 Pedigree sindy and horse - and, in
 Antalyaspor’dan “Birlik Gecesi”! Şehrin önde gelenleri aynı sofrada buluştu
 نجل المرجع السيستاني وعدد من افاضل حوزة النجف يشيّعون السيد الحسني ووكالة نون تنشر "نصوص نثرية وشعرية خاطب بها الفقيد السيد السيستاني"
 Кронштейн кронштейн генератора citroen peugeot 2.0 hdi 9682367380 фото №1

::::

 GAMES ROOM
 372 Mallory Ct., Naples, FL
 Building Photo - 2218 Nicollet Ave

::::

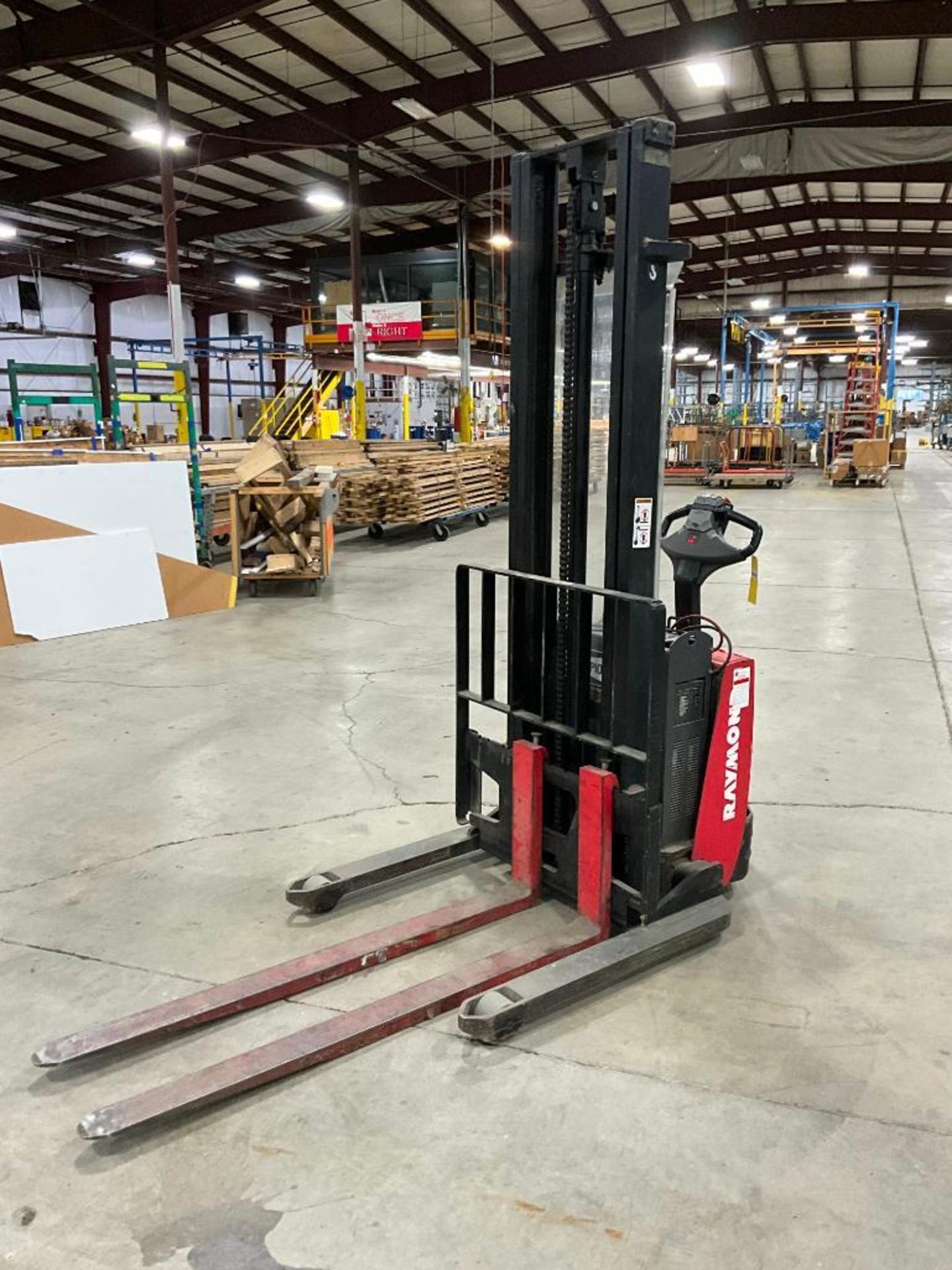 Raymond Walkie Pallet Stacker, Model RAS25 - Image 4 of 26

::::

**What is expected:** In the listing above, locate the line with "Pedigree sindy and horse - and, in" and the line with "Кронштейн кронштейн генератора", then extract exactly those lines and every line between them, and nothing more.

**Task output:**
 Pedigree sindy and horse - and, in
 Antalyaspor’dan “Birlik Gecesi”! Şehrin önde gelenleri aynı sofrada buluştu
 نجل المرجع السيستاني وعدد من افاضل حوزة النجف يشيّعون السيد الحسني ووكالة نون تنشر "نصوص نثرية وشعرية خاطب بها الفقيد السيد السيستاني"
 Кронштейн кронштейн генератора citroen peugeot 2.0 hdi 9682367380 фото №1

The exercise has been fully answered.